Why a knight's helmet? It could easily come off as goofy or absurd. Mark Twain mined this object for its comic potential in Connecticut Yankee, and more recent cultural offerings, like "Role Models," have poked fun at LARPers and SCA-types. Yet, within the context of a horror film about race in America, it makes perfect sense that Jeremy carries out his misdeeds in medieval cosplay. The knight's helmet can be read as a reference to the Knights of the KKK (founded as a "kinder" KKK in 1975), and it signals the persistent link between white supremacist ideology and medievalism, present since the 19th century. Twain himself laid the blame for this at the feet of Sir Walter Scott, whose early 19th-century historical novels Waverley and Ivanhoe were extremely popular in the American South (and elsewhere). Scott (according to Twain) romanticized life on the grand agricultural estate, sentimentalized aristocracy and rank, and promoted illusion instead of reality. 

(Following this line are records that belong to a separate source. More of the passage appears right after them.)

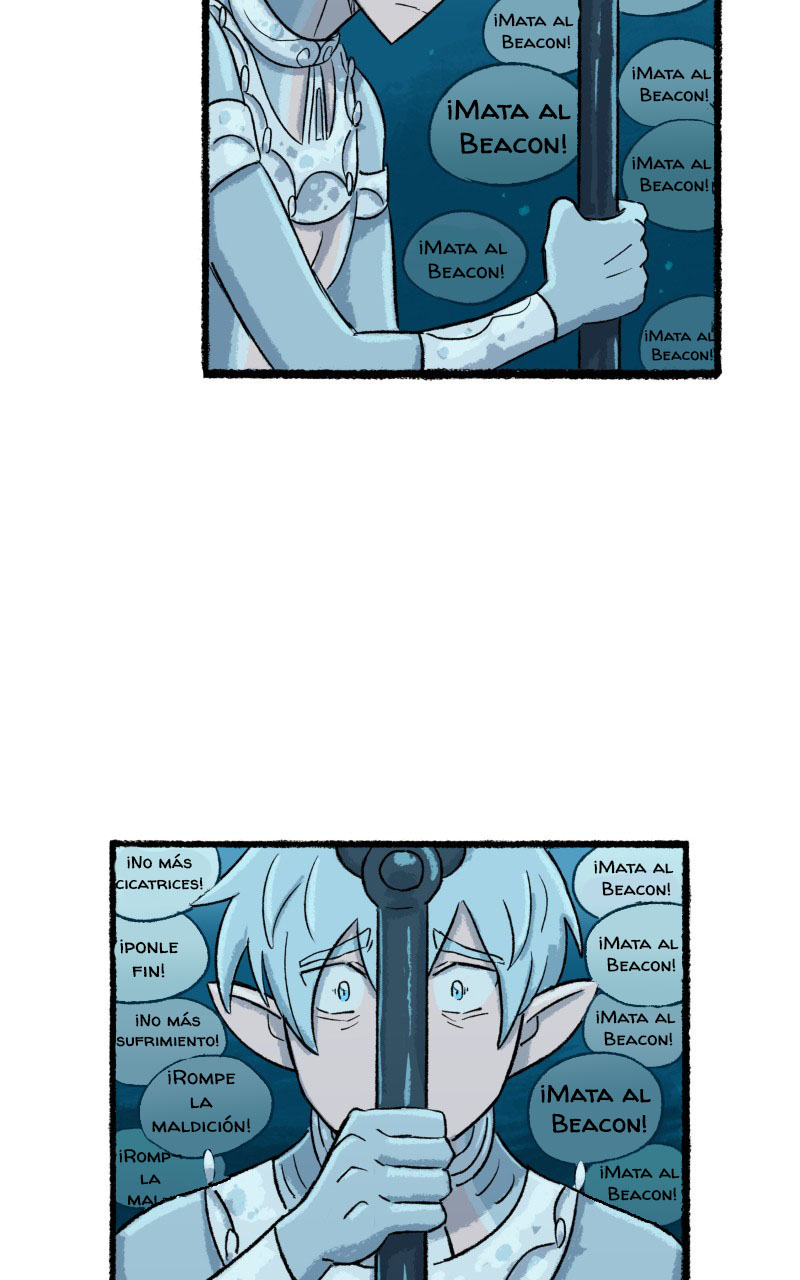 Castle Swimmer Vol. 1 Ch. 3 第51页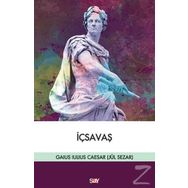 İçsavaş - Gaius Julius Caesar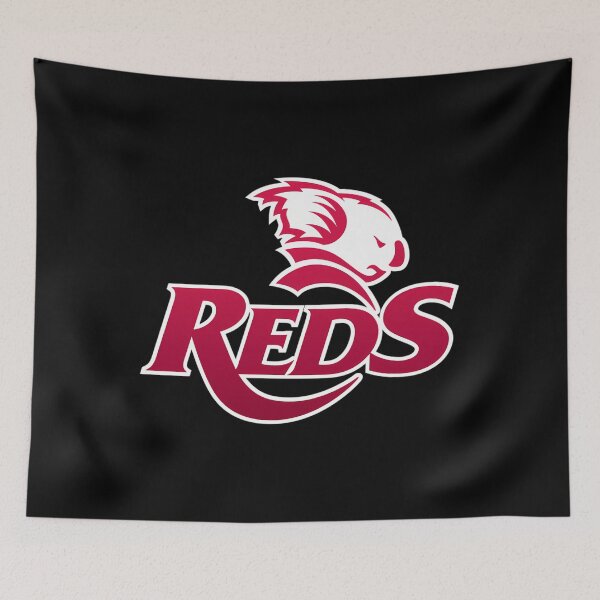 Item preview, Qld Reds Rugby designed and sold by PaulHuddlesto41.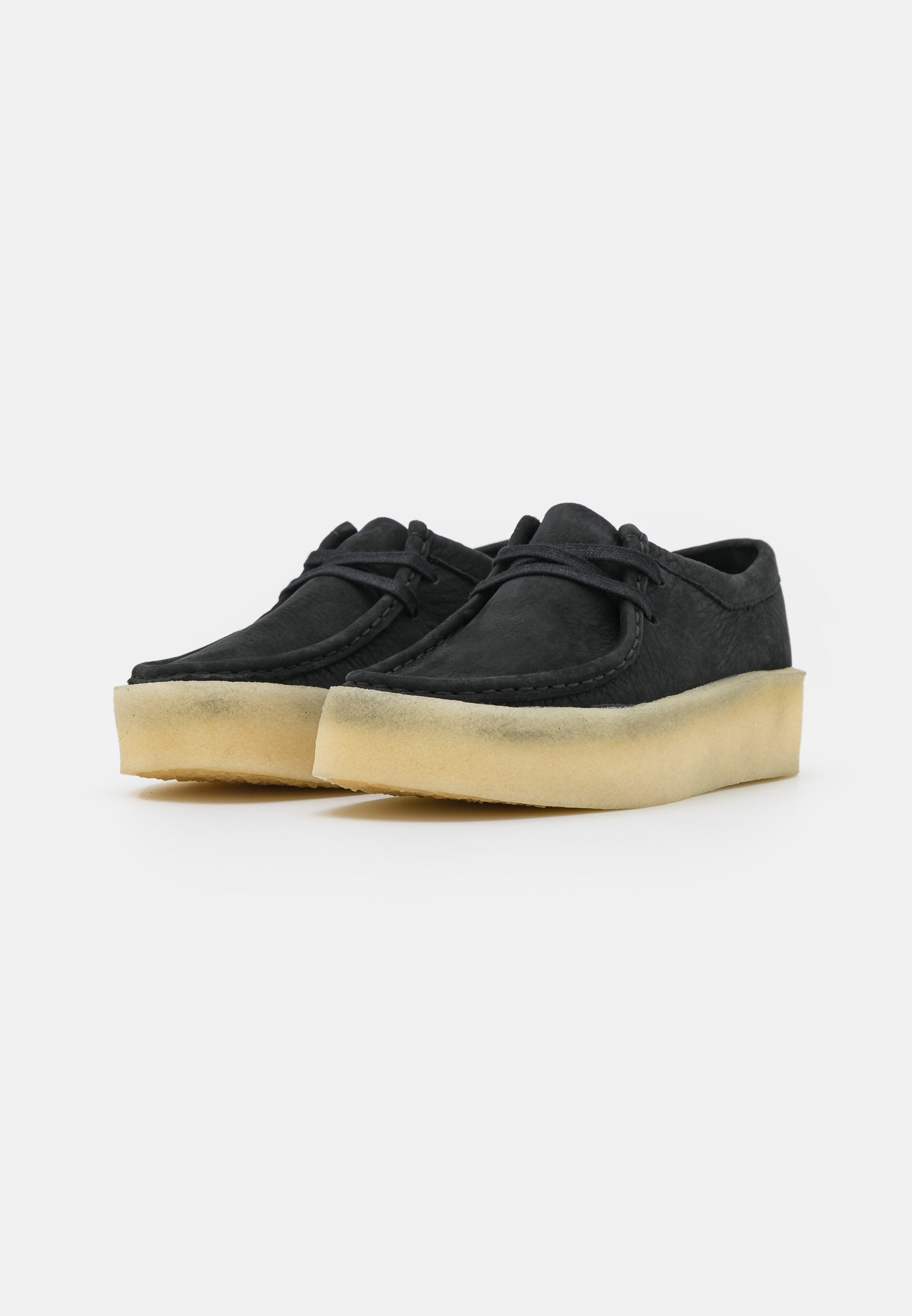 Clarks Originals WALLABEE CUP
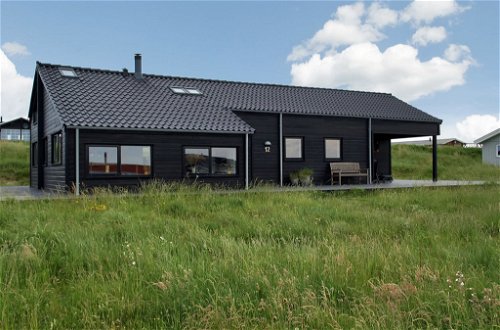 Foto 25 - Casa de 4 quartos em Løkken com terraço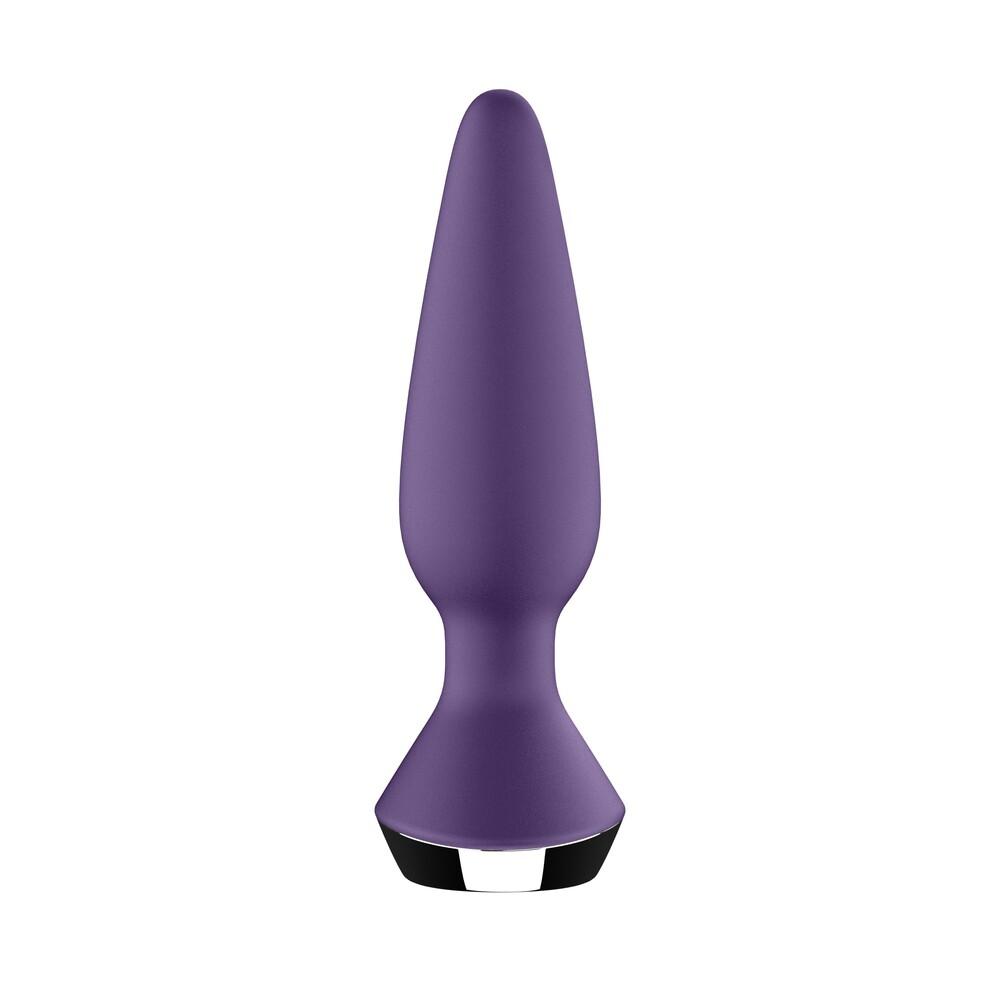 Vibratore Anale Ilicious thumbnail 4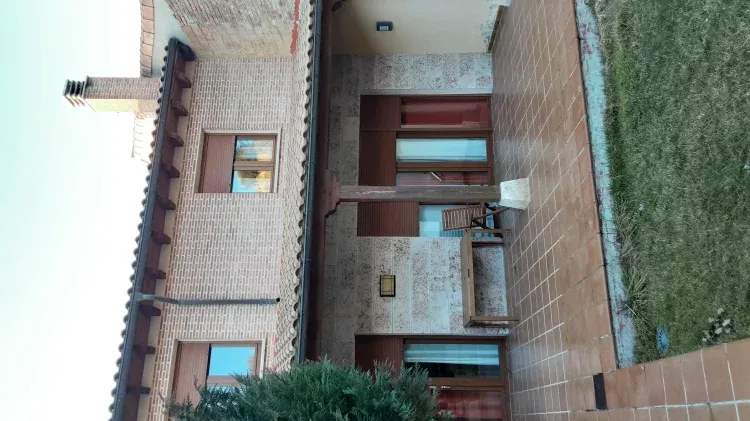 Imagen de Porche Alcubilla I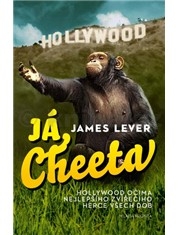 Já, Cheeta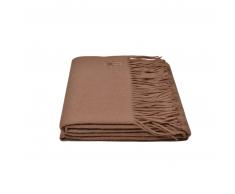 Zoeppritz Imagine Decke aus Kaschmir - camel - 130x180 cm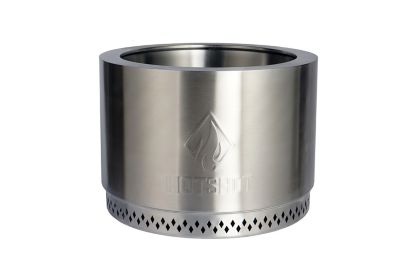 Bond 19.5 in. Hotshot Explorer Wood-Burning Fire Pit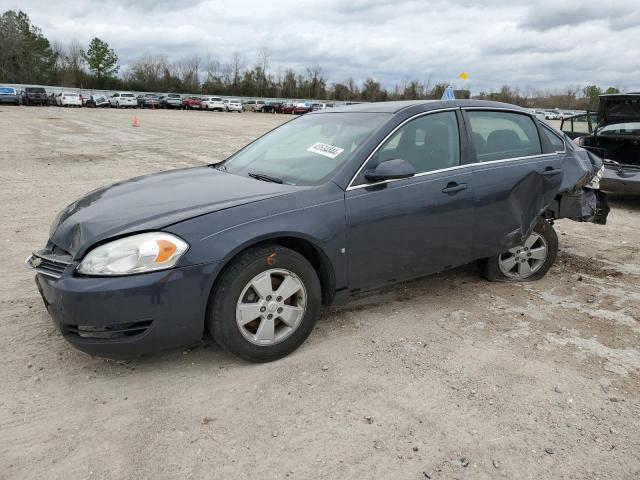 Obraz 1 z 2008 CHEVROLET IMPALA LT 2008 z VIN 2G1WT58K381339249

"It was Sir Walter that made every gentleman in the South a Major or a Colonel, or a General or a Judge, before the war; and it was he, also, that made these gentlemen value these bogus decorations. For it was he that created rank and caste down there, and also reverence for rank and caste, and pride and pleasure in them....Sir Walter had so large a hand in making Southern character, as it existed before the war, that he is in great measure responsible for the war."

The opening title credits of "Gone with the Wind" make this link between the antebellum South and medievalism plain: "There was a land/of Cavaliers and Cotton fields/Called the Old South.../Here in this pretty world/Gallantry took its last bow./Here was the last ever to/be seen of Knights and their/Ladies Fair, of Master and of Slave./Look for it only in books, for it is no more than a dream remembered./A Civilization gone with the wind..." The Old South becomes the continuation of an (imagined) courtly, western European Middle Ages, both equally consigned to the past. 

Yet racial and ethnic diversity throughout the medieval world were not uncommon. Jeremy's knight's helmet is the perfect prop to signal his adherence to a false narrative of history, a narrative that rests on erasing Black people from history, whether it's the history of the medieval world or of the United States.